British regulators recently made the unpublished data available for study.
“In each of the published articles, the authors concluded the drug was either effective or safe or both,” Kendall said. “When you look at the combined evidence, it is ineffective, unsafe or both.”
The review found a positive risk-benefit ratio for only one medicine — Prozac, which the researchers said did not carry an elevated risk of suicide and had been proved to benefit depressed children. The article said that while the other antidepressants should not be given to children with depression, it is possible that children with anxiety or other disorders might benefit from them. The number of American children being treated for depression in any year has surged in recent years; a majority are being treated with antidepressants.
The FDA said it was continuing to evaluate whether the antidepressant trials showed an increased risk of suicidal behavior. Although an internal FDA analysis found an increased risk of suicidal behavior among children taking the drugs, senior officials at the agency have said they do not have confidence in the conclusion.
The matter has been referred to a team at Columbia University for further evaluation.

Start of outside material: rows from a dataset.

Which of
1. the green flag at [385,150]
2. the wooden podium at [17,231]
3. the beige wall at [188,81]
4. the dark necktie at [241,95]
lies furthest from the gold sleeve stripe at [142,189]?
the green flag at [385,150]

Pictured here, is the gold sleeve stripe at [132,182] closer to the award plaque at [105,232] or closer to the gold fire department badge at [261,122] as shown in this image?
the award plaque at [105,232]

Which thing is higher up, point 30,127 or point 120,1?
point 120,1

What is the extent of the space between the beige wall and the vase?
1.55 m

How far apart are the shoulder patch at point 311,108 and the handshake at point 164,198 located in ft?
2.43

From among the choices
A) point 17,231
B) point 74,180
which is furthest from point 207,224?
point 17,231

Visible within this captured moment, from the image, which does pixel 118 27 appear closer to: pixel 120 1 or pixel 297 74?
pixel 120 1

“Some of the things called suicidal thinking or behavior are not,” said Robert Temple, FDA’s associate director of medical policy, in a recent interview. “There is one child banging her head against the wall — that is not suicide. There are quite a few children who did superficial cutting.
That doesn’t show intent to kill oneself.”

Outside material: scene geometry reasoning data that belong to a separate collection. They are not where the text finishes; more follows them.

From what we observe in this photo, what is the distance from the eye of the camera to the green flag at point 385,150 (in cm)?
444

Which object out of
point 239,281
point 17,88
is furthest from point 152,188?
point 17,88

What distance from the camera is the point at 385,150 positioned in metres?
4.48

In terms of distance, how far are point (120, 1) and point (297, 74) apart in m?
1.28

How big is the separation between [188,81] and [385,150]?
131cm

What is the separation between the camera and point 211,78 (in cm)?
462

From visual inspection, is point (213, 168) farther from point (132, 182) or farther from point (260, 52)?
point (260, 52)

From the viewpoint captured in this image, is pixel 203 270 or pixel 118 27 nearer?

FDA officials have consistently said the large number of failed antidepressant trials do not prove that the drugs are worthless, a position in conflict with the Lancet study.

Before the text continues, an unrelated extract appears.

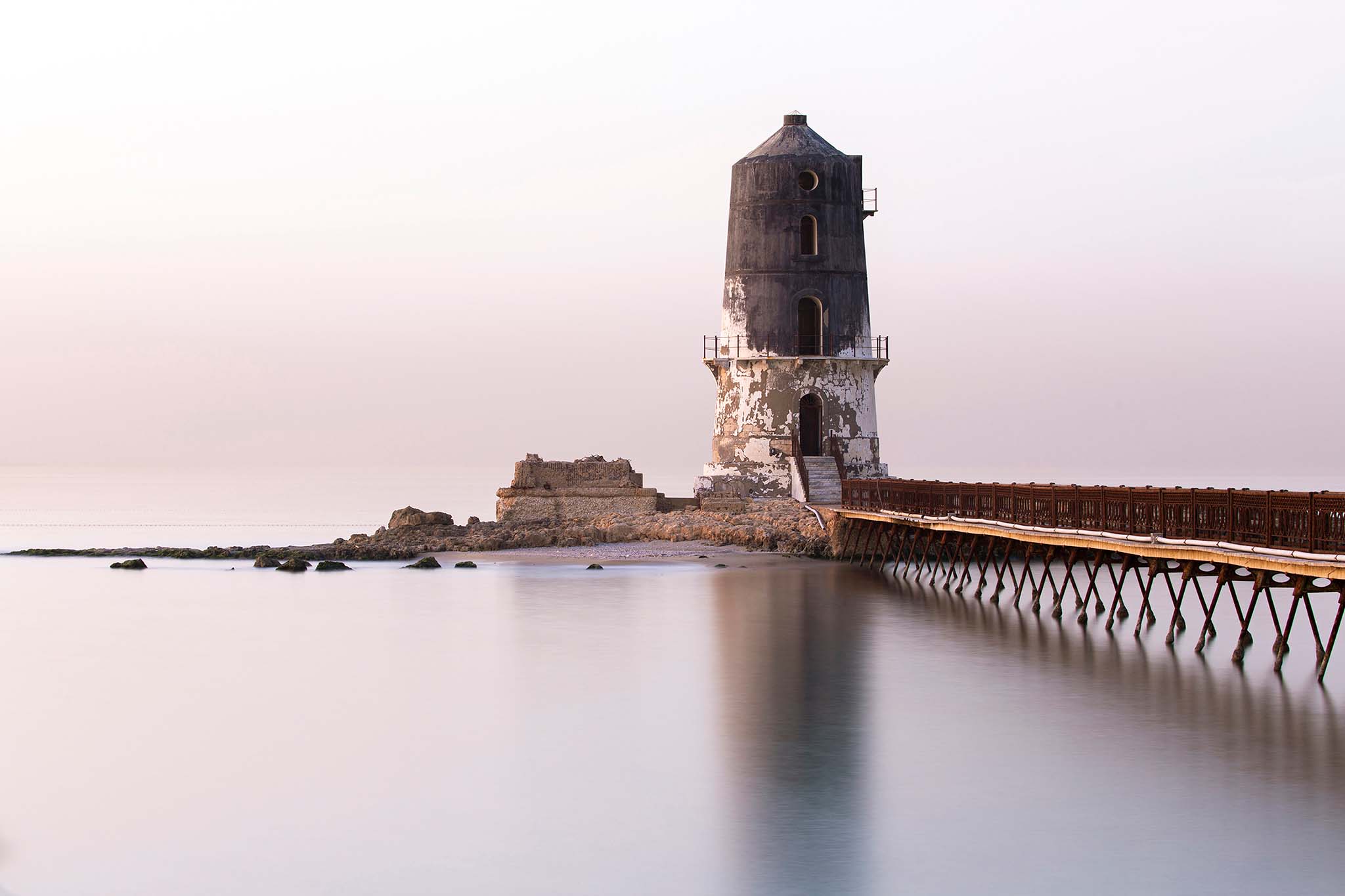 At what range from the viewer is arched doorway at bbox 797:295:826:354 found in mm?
43438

Mariann Caprino, a spokeswoman for Pfizer Inc., which makes Zoloft, categorically rejected the charge that the company had compromised the safety of children in the pursuit of profits.
“The use in children of our drug in particular, is a very, very, very small percentage of the overall total prescriptions of this product,” she said in an interview yesterday. “To suggest that we are motivated by profiting off of children is ludicrous.”
While Caprino said all the company’s data had been disclosed, the Lancet article said a published study that combined two Zoloft trials omitted information that, when factored in, showed an “unfavorable risk-benefit balance.”
Wayne D. Blackmon, a Washington psychiatrist who has long said clinicians cannot rely on the integrity of the data they are being given, said Congress should force the FDA to take unpublished negative trials into account and force the companies to make all data — positive and negative — available for public scrutiny.
In the meantime, he said, clinicians should go back to the Hippocratic oath — “First, do no harm” — and “recognize that you are flying by the seat of your pants.”